Without any of the pictures, set down the data below exactly.

── RECORDED INFORMATION ──

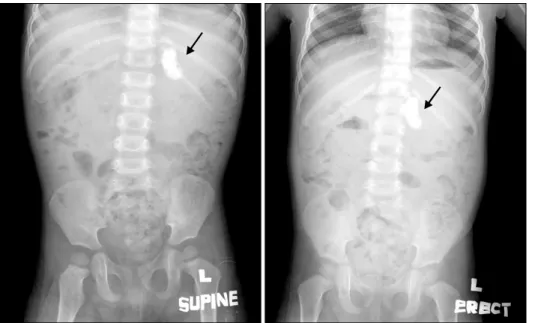 Fig.  1.  A  plain  abdominal  X-ray  reveals  an  elliptical   cal-cifications  (arrow)  in  the  LUQ  area.증            례　환　아:  임○○,  2세,  남아　주　소:  내원 3일 전부터 시작한 구토와 복부 팽만 　현병력:  최근 환아의 복부가 불러 보이던 중 내원 3일 전부터 간헐적인 구토가 있어 외래를 방문하였다.　과거력:  38주 4일,  2.83  k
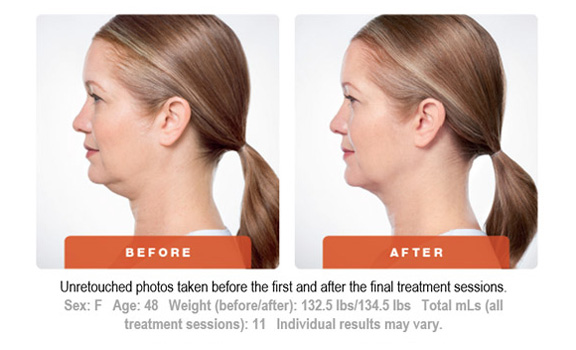 Kybella Treatment Before and After 4 Art of Natural Beauty Center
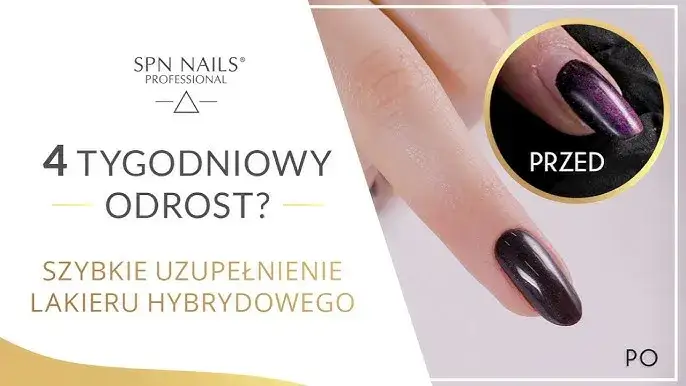 Dopuszczalny odrost paznokci: normy estetyczne i zawodowe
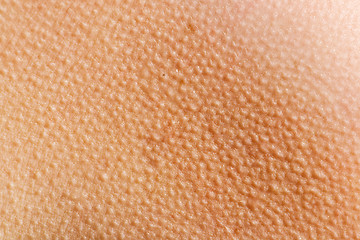 Image showing Goosebumps Skin Background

───

OUTPUT OF THE TASK:
 Fig.  1.  A  plain  abdominal  X-ray  reveals  an  elliptical   cal-cifications  (arrow)  in  the  LUQ  area.증            례　환　아:  임○○,  2세,  남아　주　소:  내원 3일 전부터 시작한 구토와 복부 팽만 　현병력:  최근 환아의 복부가 불러 보이던 중 내원 3일 전부터 간헐적인 구토가 있어 외래를 방문하였다.　과거력:  38주 4일,  2.83  k
 Kybella Treatment Before and After 4 Art of Natural Beauty Center
 Dopuszczalny odrost paznokci: normy estetyczne i zawodowe
 Image showing Goosebumps Skin Background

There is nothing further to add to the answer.